It may seem strange that Anglican work in that distant land should be directly connected with the Diocese of London, but the connection between them, and between all the countries of Northern and Central Europe, as far as our Church of England work is concerned, is of long standing. It dates from the reign of Charles I, and from an Order in Council which was passed in 1633, and placed the congregations of the Church of England in all foreign countries at that time under the jurisdiction of the Bishop of London “as their Diocesan.” It may be remembered that when the present Bishop of London went to Washington some years ago he took with him some interesting documents which he had found in the library at Fulham Palace, and which were connected with the time when Church work in the United States looked to London for superintendence and episcopal leadership. These he handed over to the custody of the Episcopal Church of America, knowing how interested that Church would be to possess them, and to keep them amongst other historical records.

The same rapid progress as that which has attended the American Church has been made in the Colonies and other parts of the world. New dioceses and provinces have been formed one after another, and in 1842 the Diocese of Gibraltar was formed, taking in the congregations of the English Church in Spain, Portugal, Italy, and Roumania, and all places bordering upon the Mediterranean and the Black Sea. But the other countries of Europe, to the north and in the centre, remain still, as far as Church work goes, where that old Order in Council placed them, in the jurisdiction of the Bishop of London.

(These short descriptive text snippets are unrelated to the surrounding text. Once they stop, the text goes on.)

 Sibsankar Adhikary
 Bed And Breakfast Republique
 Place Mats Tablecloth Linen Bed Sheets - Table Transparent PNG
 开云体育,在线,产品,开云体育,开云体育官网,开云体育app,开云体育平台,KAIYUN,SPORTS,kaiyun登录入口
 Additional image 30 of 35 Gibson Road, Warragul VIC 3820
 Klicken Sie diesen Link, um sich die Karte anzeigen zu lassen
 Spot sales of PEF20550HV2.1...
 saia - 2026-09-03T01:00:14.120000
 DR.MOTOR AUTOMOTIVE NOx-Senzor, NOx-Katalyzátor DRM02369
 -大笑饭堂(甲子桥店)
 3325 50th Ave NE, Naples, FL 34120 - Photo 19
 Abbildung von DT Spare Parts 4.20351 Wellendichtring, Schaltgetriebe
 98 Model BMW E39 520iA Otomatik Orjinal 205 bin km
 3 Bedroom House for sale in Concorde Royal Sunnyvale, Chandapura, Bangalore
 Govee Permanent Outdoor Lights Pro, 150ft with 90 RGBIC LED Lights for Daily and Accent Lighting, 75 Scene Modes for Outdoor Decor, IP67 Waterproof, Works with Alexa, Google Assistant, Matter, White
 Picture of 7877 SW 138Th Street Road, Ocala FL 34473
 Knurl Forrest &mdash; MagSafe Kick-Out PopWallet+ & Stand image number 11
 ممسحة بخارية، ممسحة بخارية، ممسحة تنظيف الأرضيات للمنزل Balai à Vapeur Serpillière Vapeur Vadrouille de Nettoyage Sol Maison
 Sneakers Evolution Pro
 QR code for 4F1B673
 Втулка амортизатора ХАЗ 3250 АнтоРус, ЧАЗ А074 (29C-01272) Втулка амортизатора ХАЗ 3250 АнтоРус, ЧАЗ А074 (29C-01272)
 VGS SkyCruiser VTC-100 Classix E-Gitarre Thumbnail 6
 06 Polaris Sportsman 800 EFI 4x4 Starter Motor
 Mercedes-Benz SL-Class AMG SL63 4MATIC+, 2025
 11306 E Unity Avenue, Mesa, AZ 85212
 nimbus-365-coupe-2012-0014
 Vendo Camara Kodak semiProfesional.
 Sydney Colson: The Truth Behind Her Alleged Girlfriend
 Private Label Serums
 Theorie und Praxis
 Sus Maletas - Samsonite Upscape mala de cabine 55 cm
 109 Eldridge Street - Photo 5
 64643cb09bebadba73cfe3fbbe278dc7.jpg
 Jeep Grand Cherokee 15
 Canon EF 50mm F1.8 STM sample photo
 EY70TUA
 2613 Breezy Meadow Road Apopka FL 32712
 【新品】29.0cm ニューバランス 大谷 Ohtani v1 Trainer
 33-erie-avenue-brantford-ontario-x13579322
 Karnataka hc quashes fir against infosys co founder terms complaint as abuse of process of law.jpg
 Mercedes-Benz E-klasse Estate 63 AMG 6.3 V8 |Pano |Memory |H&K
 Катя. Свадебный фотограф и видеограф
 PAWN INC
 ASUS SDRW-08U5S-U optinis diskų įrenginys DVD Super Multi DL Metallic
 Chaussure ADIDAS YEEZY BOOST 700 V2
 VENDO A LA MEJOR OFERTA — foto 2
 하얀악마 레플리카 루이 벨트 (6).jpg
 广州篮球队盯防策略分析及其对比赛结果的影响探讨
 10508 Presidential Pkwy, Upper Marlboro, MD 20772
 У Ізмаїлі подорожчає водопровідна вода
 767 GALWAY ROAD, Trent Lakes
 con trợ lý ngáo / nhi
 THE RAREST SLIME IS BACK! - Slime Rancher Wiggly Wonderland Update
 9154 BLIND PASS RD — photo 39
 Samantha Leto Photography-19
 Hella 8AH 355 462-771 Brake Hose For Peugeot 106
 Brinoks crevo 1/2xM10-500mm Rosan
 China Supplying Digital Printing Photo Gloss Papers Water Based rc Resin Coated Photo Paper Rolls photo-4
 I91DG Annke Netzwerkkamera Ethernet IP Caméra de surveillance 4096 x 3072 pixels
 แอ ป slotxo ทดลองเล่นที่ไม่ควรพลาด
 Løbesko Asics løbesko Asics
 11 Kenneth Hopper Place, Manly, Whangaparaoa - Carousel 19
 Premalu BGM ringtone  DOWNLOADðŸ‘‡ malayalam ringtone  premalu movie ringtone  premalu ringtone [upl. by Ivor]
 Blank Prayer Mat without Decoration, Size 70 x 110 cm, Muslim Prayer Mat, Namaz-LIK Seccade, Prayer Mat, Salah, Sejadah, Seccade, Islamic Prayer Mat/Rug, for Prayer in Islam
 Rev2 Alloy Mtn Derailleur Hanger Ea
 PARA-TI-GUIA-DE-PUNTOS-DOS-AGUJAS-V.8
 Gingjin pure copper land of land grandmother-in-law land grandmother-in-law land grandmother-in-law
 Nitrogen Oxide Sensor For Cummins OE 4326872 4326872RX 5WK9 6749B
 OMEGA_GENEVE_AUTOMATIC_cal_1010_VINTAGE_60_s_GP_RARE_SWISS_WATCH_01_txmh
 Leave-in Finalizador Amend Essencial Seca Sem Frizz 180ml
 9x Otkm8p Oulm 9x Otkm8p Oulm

It is impossible, of course, that he should attempt to meet this responsibility himself and bear the burden of such a diocese as that of London, and so the rule has been, since 1825, to issue a commission to another bishop, who, while being an assistant, yet has to feel himself fully responsible, and in this way spare the Bishop of London as much as he possibly can.

It will therefore be understood, as I have said in my few words of introduction, that, filling such a position and having such work to superintend, and also, for many reasons to be more fully explained in succeeding pages, finding the Orthodox Church of Russia very friendly towards our own, I shall write throughout with those whom I have termed the “religious public” very clearly in my mind and sympathies. At the same time I am hoping to interest the general reader also, and therefore shall try my utmost to give a comprehensive view of Russian life as it will be found to-day by travellers on the one hand if they give themselves time and opportunity enough, and by those, on the other, who have to go and live and work in Russia.

First impressions are usually interesting to recall. Mine were immediate and extraordinarily vivid, and were all associated with thoughts – which have gradually become convictions – of Russia’s vast potentialities and future greatness.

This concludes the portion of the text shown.